Ce féminisme vient-il de votre côté suédois ?
De ma maman plutôt. Danoise, elle fut l’une des premières femmes ingénieures à Copenhague dans les années 1940. Avec ses quatre garçons, elle a toujours eu un discours d’égalité des chances. Pour moi, faire carrière à l’âge où on fonde une famille, ce n’est absolument pas un problème. Mais la société avance très peu. Ce sont encore les mamans qui doivent sacrifier leur carrière, notamment car il manque des places de crèches… Beaucoup de combats restent à mener.

 

Vous évoquiez la formation, qui a tenu une grande place dans votre carrière.
Dans le service actuellement, nous avons 16 médecins-assistant-e-s, dont 13 qui suivent la formation d’anesthésiste et en permanence cinq ou six infirmières celle d’infirmière anesthésiste. C’est une formation sur le terrain, où on voit comment prendre en charge un patient ou une patiente, comment sortir des recommandations ou comment en tenir compte. On apprend qu’un-e patient-e ne peut pas se résumer à quelques algorithmes sortis d’un livre.
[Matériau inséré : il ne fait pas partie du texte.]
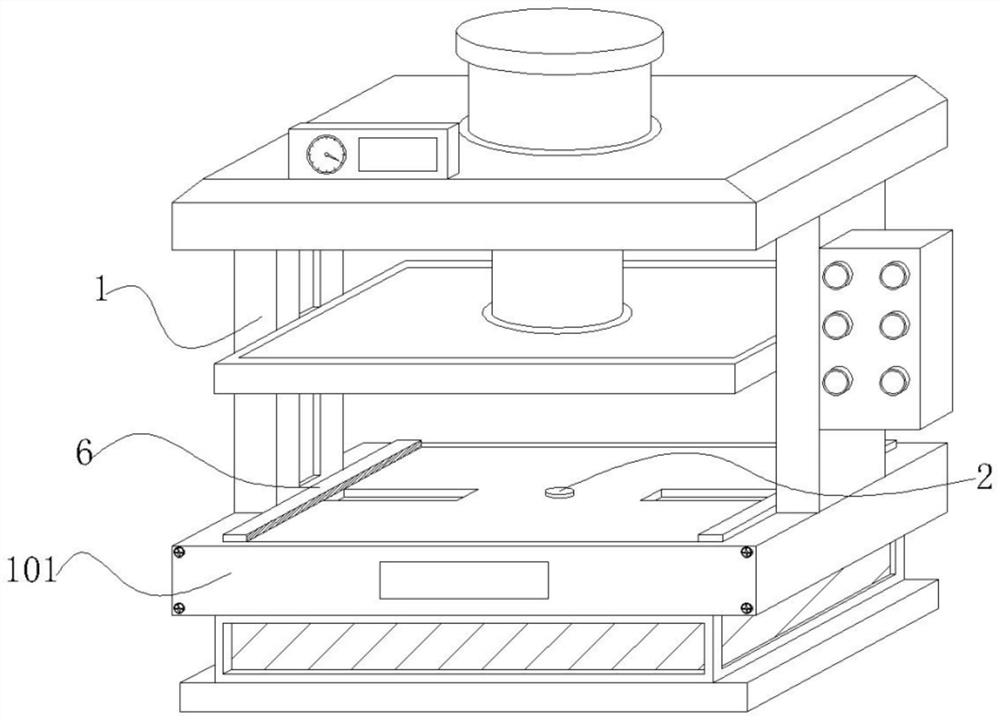 Stamping device suitable for machining of different sizes and used for automobile parts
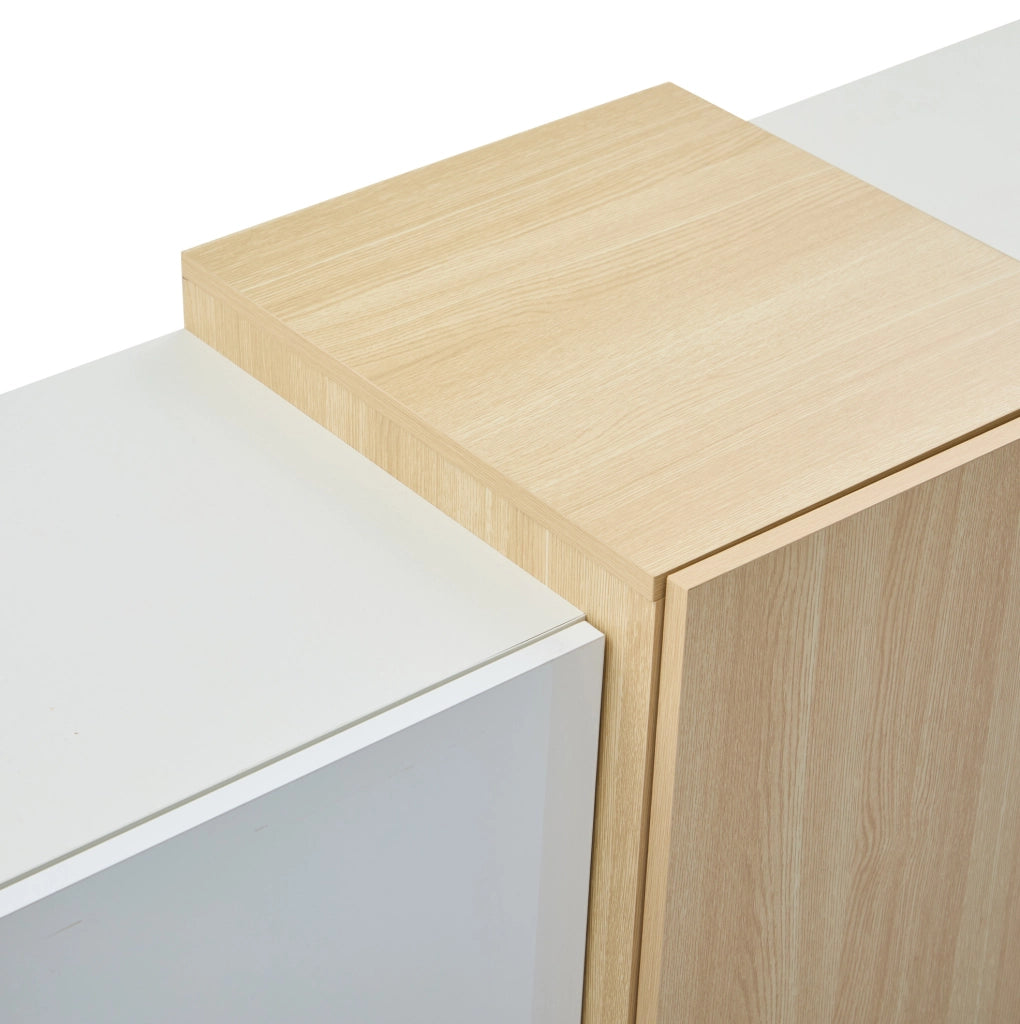 Credenza moderna bianca lucida in MDF 140 x 35 x 76;5 cm con 4 cassetti e 2 ante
J’adore les forcer à réfléchir. Ils ont souvent appris des recettes, c’est une base importante, mais il y a plusieurs manières de faire juste. L’expérience permet d’ouvrir sa pratique. Ainsi, le jour où ils auront un-e patient-e très compliqué, ils lui donneront beaucoup plus de chance.

 

Des regrets ?
Je ne suis pas lassé d’une bonne partie de ce que je fais, donc je regrette que ça se termine… Mais je saurai occuper mon temps, notamment par du bénévolat humanitaire.